The two came in, and they weren’t in a hurry, and they weren’t trying to sneak up on the quarry now any more. They didn’t have to, they had him. One of them, who went in for artistic flourishes, even hung back a step behind the other and deliberately yanked two bright-green pasteboards from the box near the door, which made a dyspeptic bell sing out a couple of times; as if to show how law-abiding, how house-broken, he and his friend could be when they came in a public place. It was like a rattlesnake warning before it strikes. It couldn’t have made any difference anyway; they each had a right hand stuck deep into their coat pockets, and both pockets were sort of stiff and weighted down.

The bell woke Johnny without registering; by the time his eyes opened, he’d forgotten what did it. Then he saw them sitting at the table with him, one opposite and one right next to him, shoulder to shoulder, so close the loaded pocket dug into his hip. The one across the china table top had his pocket up too, just sort of resting on the lip of the table, pointing Johnny’s way. The counterman was busy transferring pats of butter to little paper rosettes; it wouldn’t have mattered even if he hadn’t been.

Johnny looked from one face to the other, and his own whitened a little. Just for a second, then the color came right back; he’d been expecting this for too long to stay scared.

They looked like three brothers, or three pals, sitting there huddled over the table together, intimate, familiar.

“Put it on the table in front of you,” suggested the one next to Johnny. “Keep the newspaper over it.”

Johnny reached under his left arm and took out something. If his coat hadn’t been buttoned, he could have turned it around and fired through the cloth. He would have gone, but he could have taken one of them with him. But there wasn’t room enough to turn it under his coat, it faced outward where there was nothing but a glass caseful of desserts to get at. He slid it under the newspaper and the one opposite him hauled it out on the other side and it disappeared into his clothing without the light once getting at it.

When this tricky feat had been accomplished satisfactorily, the first one said, “We wanna see you, Donovan.”

“Take a good look,” Johnny said in a low voice. “How does a guy that’s gone straight appeal to you?”

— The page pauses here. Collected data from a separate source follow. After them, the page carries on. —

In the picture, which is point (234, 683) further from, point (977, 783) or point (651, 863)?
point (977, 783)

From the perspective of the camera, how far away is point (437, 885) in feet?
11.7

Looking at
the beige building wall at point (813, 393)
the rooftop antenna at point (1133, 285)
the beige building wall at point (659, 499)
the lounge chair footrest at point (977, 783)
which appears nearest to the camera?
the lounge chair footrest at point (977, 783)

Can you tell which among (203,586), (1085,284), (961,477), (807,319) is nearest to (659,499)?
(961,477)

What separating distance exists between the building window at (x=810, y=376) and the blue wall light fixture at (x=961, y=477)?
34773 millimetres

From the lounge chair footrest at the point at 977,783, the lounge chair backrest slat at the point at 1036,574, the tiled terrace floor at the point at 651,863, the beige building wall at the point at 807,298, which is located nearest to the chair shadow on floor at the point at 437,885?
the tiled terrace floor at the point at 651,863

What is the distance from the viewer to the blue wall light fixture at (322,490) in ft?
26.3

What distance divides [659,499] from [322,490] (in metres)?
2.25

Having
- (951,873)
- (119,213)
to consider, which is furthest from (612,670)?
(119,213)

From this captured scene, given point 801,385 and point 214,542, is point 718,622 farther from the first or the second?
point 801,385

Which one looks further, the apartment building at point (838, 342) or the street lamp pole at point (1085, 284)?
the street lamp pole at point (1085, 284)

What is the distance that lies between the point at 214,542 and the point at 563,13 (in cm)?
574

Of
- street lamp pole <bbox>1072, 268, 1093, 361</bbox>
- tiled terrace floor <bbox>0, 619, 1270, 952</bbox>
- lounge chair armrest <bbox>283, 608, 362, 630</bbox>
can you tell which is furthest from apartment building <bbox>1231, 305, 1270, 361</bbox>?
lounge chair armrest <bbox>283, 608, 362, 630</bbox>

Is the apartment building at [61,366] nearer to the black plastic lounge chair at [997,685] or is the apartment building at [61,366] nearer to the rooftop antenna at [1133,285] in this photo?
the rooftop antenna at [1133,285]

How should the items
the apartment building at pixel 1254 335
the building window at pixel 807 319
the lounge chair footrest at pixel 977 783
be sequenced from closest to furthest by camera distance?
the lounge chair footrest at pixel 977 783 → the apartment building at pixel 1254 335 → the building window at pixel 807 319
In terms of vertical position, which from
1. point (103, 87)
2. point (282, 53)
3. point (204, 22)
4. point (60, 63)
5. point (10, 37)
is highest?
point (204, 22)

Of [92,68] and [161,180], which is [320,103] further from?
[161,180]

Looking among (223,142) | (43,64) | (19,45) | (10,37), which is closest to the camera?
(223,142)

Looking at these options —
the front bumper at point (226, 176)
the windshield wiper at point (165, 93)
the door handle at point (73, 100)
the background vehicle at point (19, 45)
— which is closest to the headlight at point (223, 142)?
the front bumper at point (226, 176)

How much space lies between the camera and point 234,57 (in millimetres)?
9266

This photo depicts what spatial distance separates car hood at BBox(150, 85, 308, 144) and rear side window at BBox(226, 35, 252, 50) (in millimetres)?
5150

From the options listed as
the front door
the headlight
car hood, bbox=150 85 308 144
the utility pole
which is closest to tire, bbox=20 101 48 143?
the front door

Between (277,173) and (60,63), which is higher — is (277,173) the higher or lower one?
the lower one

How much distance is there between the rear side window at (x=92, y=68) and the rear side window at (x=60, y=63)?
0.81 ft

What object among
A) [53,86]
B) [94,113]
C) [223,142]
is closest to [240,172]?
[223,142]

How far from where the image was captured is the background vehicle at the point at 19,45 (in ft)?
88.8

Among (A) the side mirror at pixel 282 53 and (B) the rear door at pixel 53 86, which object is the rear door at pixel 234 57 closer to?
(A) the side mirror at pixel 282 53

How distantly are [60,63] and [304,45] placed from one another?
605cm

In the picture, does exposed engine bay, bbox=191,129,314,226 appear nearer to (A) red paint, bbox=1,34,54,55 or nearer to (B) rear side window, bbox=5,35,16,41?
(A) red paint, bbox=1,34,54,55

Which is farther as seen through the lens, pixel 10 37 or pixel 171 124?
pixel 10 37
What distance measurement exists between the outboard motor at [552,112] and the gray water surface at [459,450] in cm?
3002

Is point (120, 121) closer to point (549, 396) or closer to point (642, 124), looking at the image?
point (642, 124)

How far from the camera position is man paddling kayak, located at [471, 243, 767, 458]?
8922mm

“Dead,” answered the party across the table.

“I’ve got something you can’t kill,” Johnny said. His eyes lit up like radio dials and all of a sudden he was proud of himself for the first time since he was in long pants. “I’m straight now. I’m on the level. Not all the bullets in all the gats in all New York can take that away from me.”

“They can make you smell a lot different in twenty-four hours,” the one next to him said. And the one across the way put in: “He thinks he’s gonna get bullets, no less! Wake up, pogie, this ain’t 1919. You’ll beg for bullets. You’ll get down on your knees and pray for ’em before we get through with you!”

Johnny smiled and said, “When the State turns on the heat, they give a guy a last meal; let him order his head off. This being my last meal, let’s see if you’re big enough to lemme finish what I ordered.” He took up his spoon in his left hand.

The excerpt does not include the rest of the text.